• [Aim of the task]: Would you copy only the lines below, from the one containing "Bandeja de aluminio para horno De Buyer" through the very last one, leaving the pictures out?

• [Image-caption web data]:
--- START ---
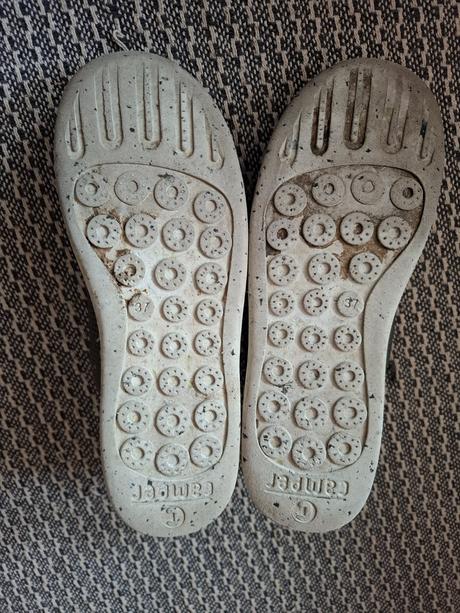 Tenisky camper, camper,37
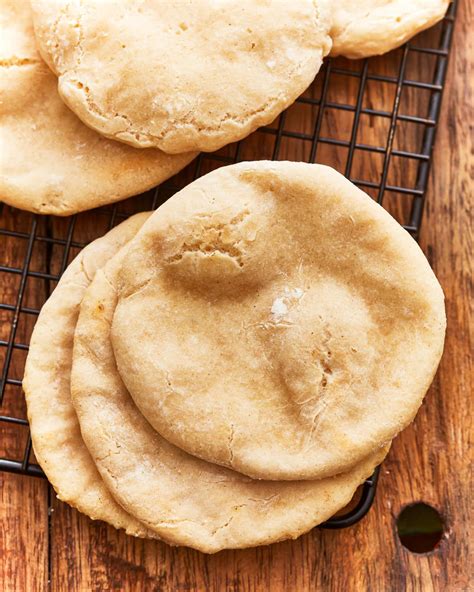 Gluten Free Pita Bread Mama Knows Gluten Free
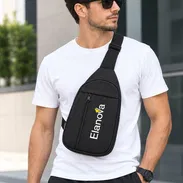 Bolso de Pecho Unisex - Img 57455622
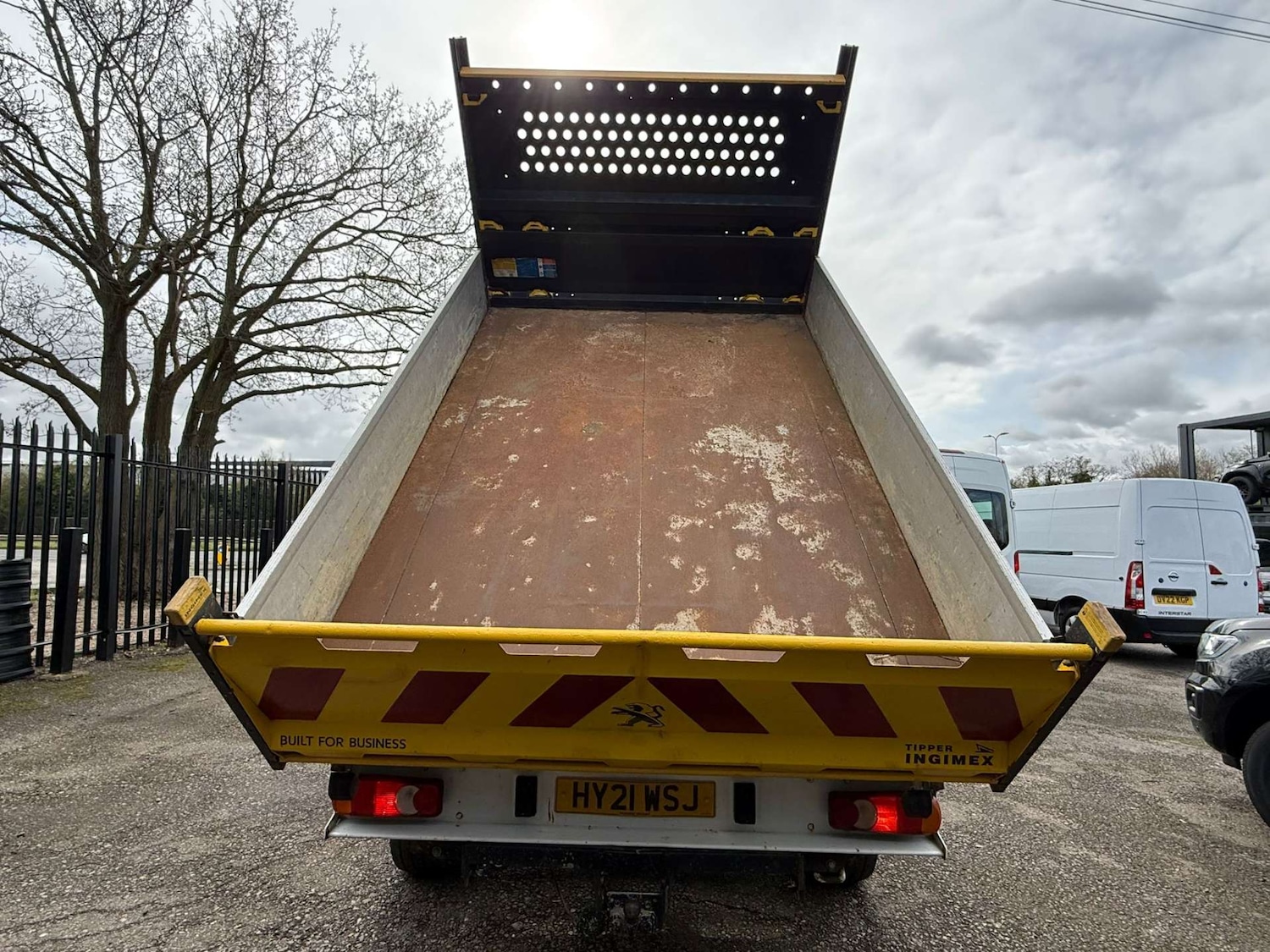 Used Peugeot Boxer 2021 for sale - 78026357: Photo 5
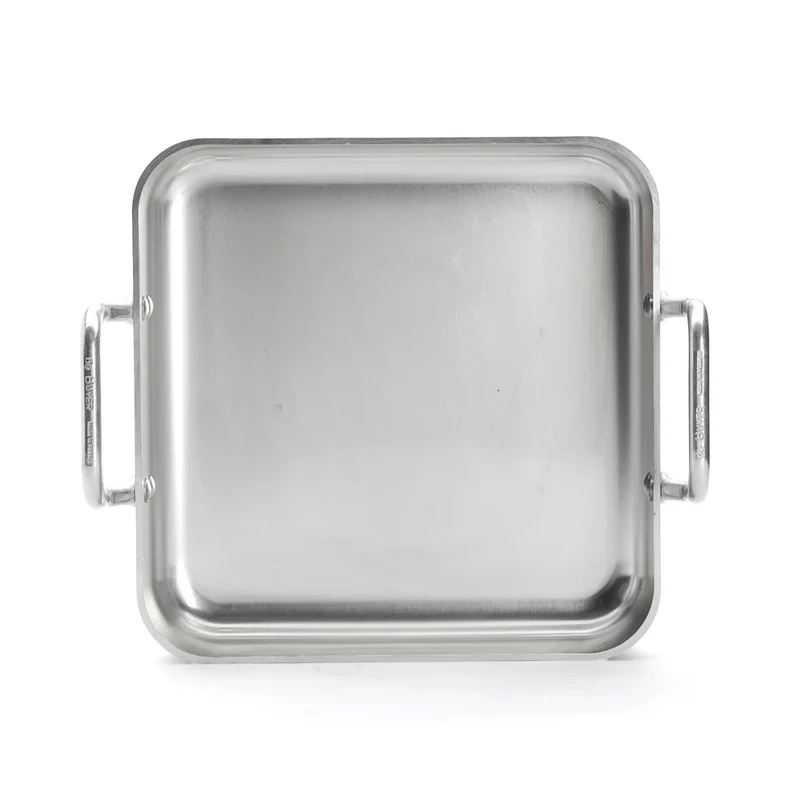 Bandeja de aluminio para horno De Buyer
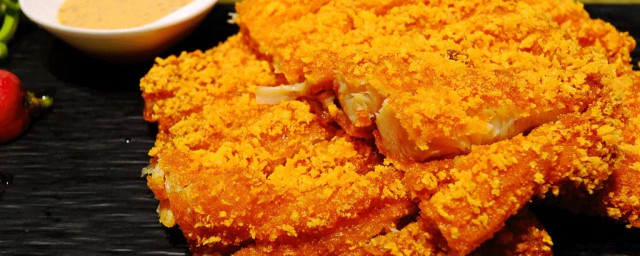 炸鸡排用面粉还是淀粉 炸鸡排介绍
--- END ---
• [Result]:
 Bandeja de aluminio para horno De Buyer
 炸鸡排用面粉还是淀粉 炸鸡排介绍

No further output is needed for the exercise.